NVMe drives guarantee atomic 4 KiB sector writes but NOT atomic writes for larger pages (e.g., 16 KiB). If power fails mid-write on a 16 KiB page, the WAL page can be partially written (torn).

CRC32C detects torn writes during replay, but without the double-write buffer, the record is lost — even though it was acknowledged to the client.

The double-write buffer solves this:

  1. Before writing to WAL, write the record to the double-write file.
  2. fsync the double-write file.
  3. Write to the WAL file.
  4. fsync the WAL file.

On recovery, if a WAL record’s CRC fails:

  • Check the double-write buffer for an intact copy (verify CRC).
  • If found, use the double-write copy to reconstruct the WAL page.
  • If not found, the record is truly lost (pre-fsync crash).

The double-write file is a fixed-size circular buffer.

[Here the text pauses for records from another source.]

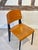 A rare and iconic mid-century French "Metropole 305 / Standard Chair," designed by Jean Prouvé, in black lacquered metal...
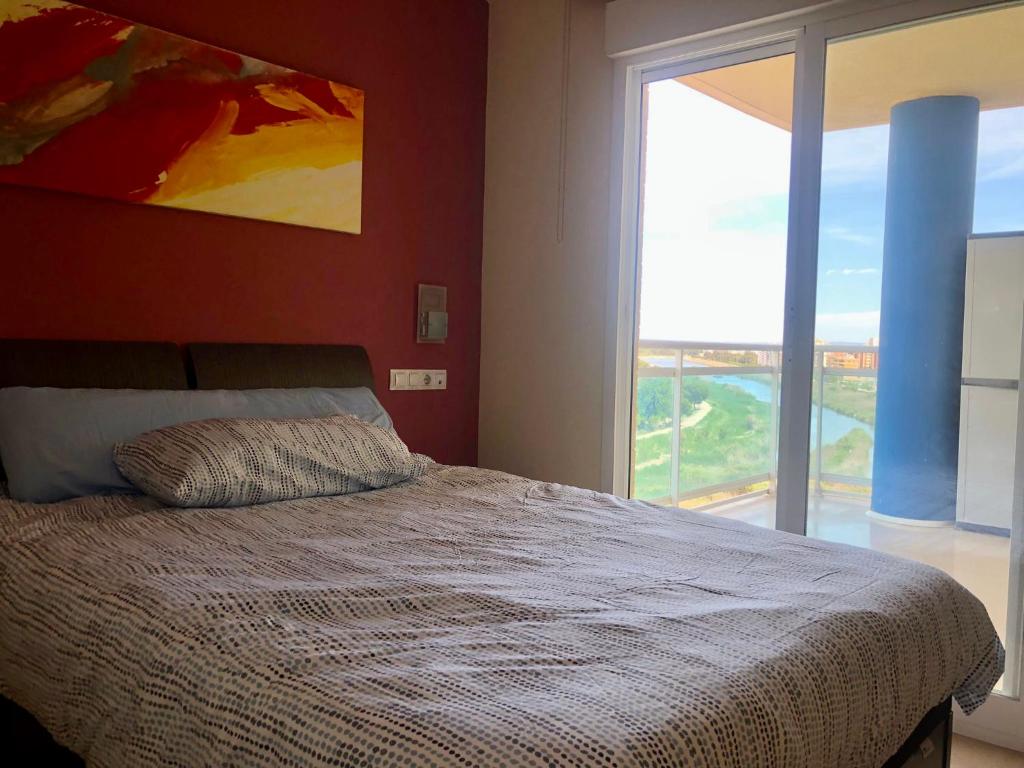 ein Schlafzimmer mit einem Bett und einem großen Fenster in der Unterkunft Schöne Wohnung mit Top Aussicht in Guardamar del Segura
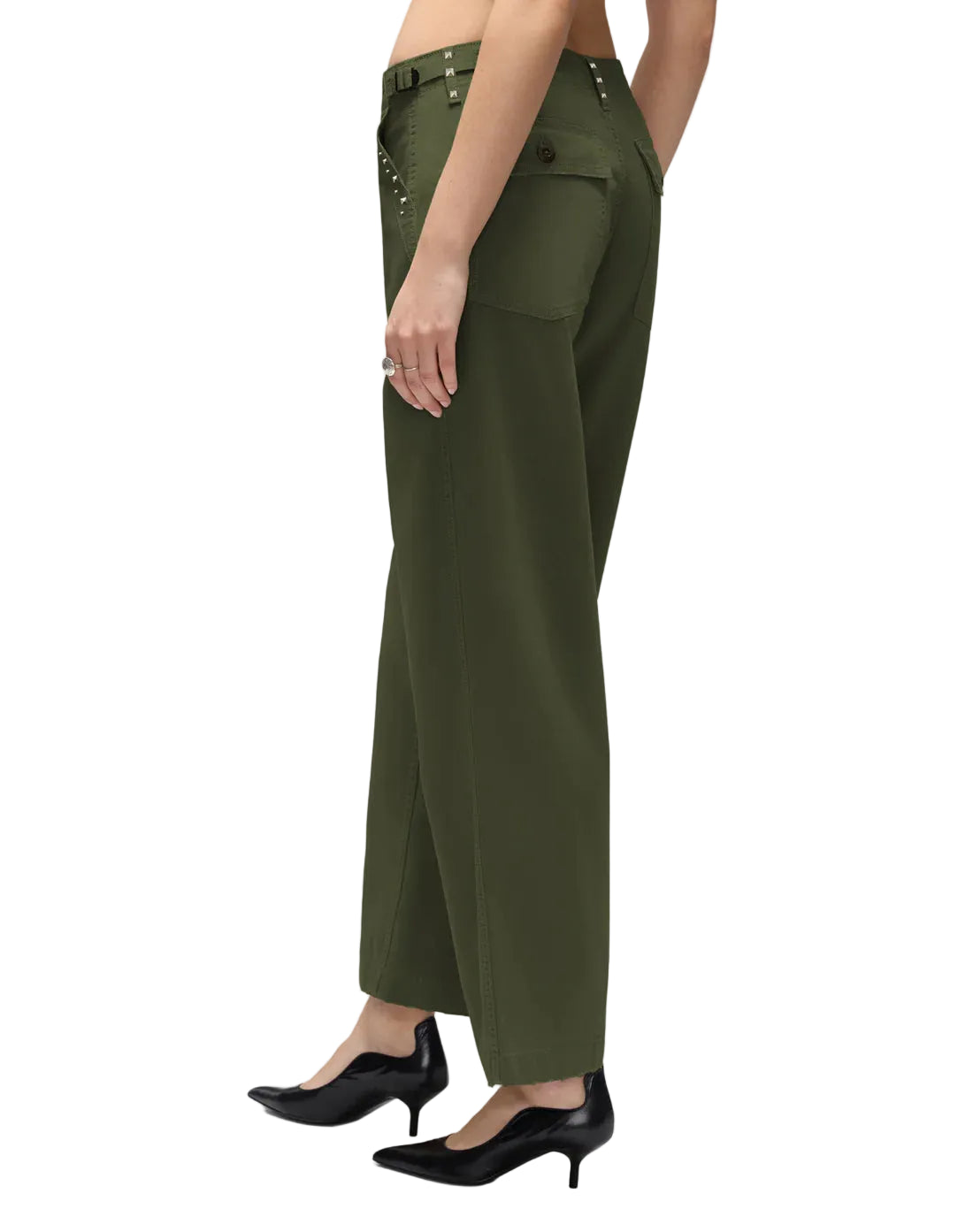 Model in army green military style pants on a white background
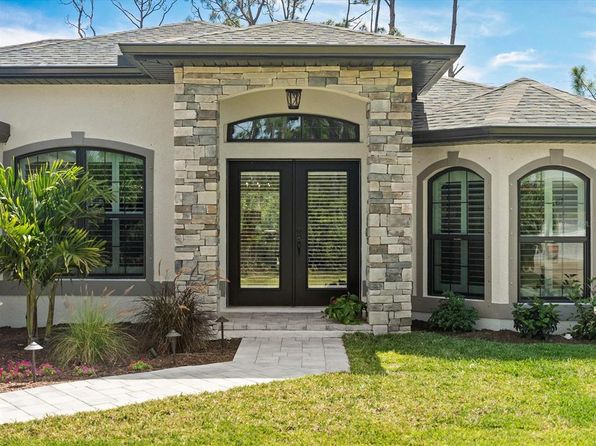 Modern home entrance with stone accents and landscaped front yard in Port Charlotte, Florida, highlighting renovation potential.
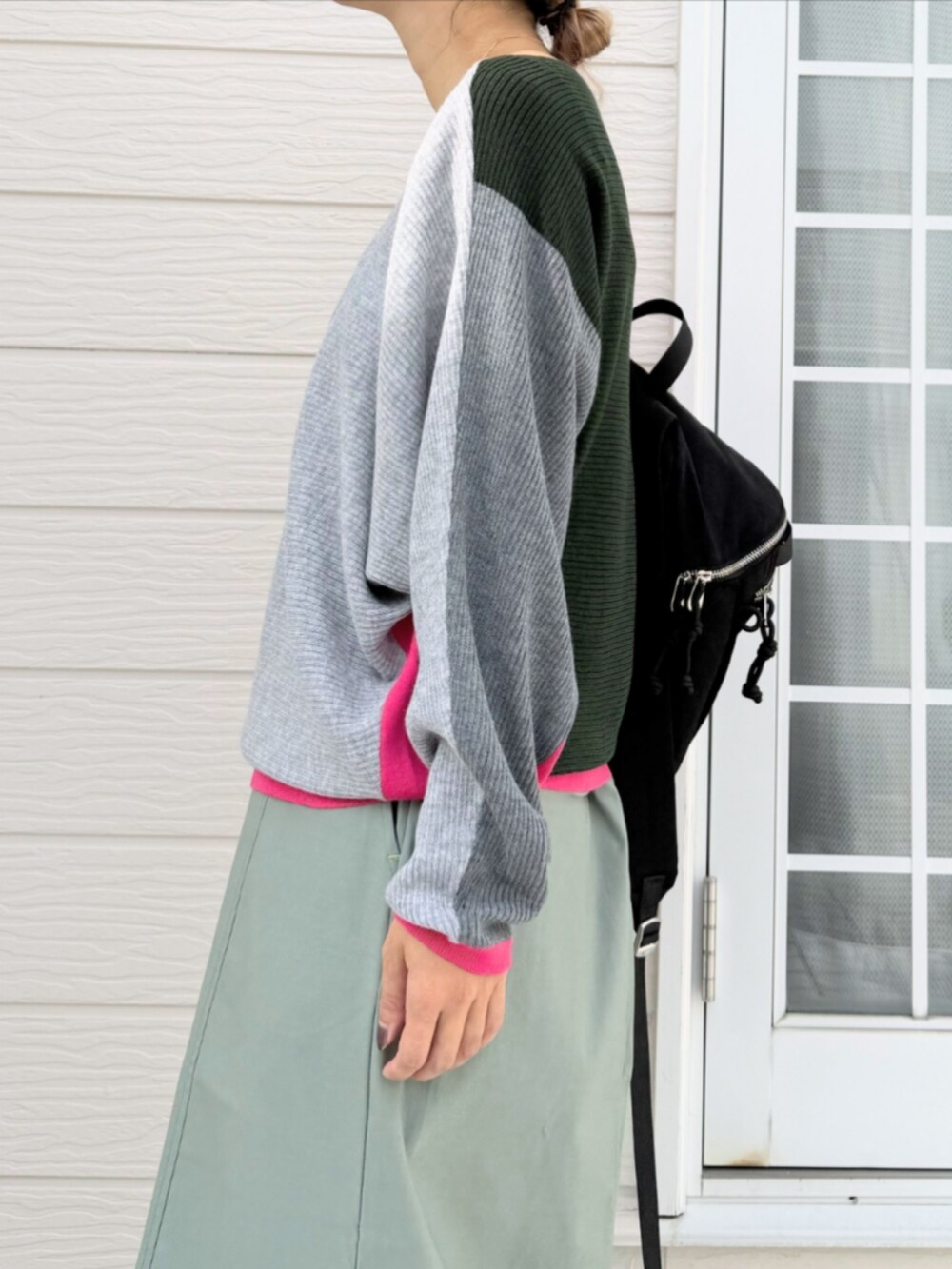 グリーン系のスカート、ブラック系のバックパック/リュック、グレー系のニット/セーターを着用したレディースの秋コーディネートの4枚目の写真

Only the most recent N records are kept — older ones are overwritten. This is fine because torn writes can only happen on the most recent write.

§O_DIRECT mode

When the parent WAL uses O_DIRECT, the DWB can also be opened with O_DIRECT (DwbMode::Direct). This:

  • Keeps the page cache free of DWB bytes — the O_DIRECT WAL was specifically designed not to warm the cache, and a buffered DWB undoes that by writing the exact same payload through the cache.
  • Surfaces DWB bytes in block-layer iostat traffic alongside the WAL.

The on-disk layout is the same in both modes (one aligned header block followed by fixed-stride slots, all block-aligned) so a DWB written in one mode can be read in the other.

Structs§

DoubleWriteBuffer
Double-write buffer file.

Enums§

DwbMode
I/O mode for the double-write buffer file.

Functions§

slot_stride
Slot stride in bytes. Exposed for tests and for callers that want to size DWB files ahead of time.
wal_dwb_bytes_written_total
Total bytes written to DWB files since process start.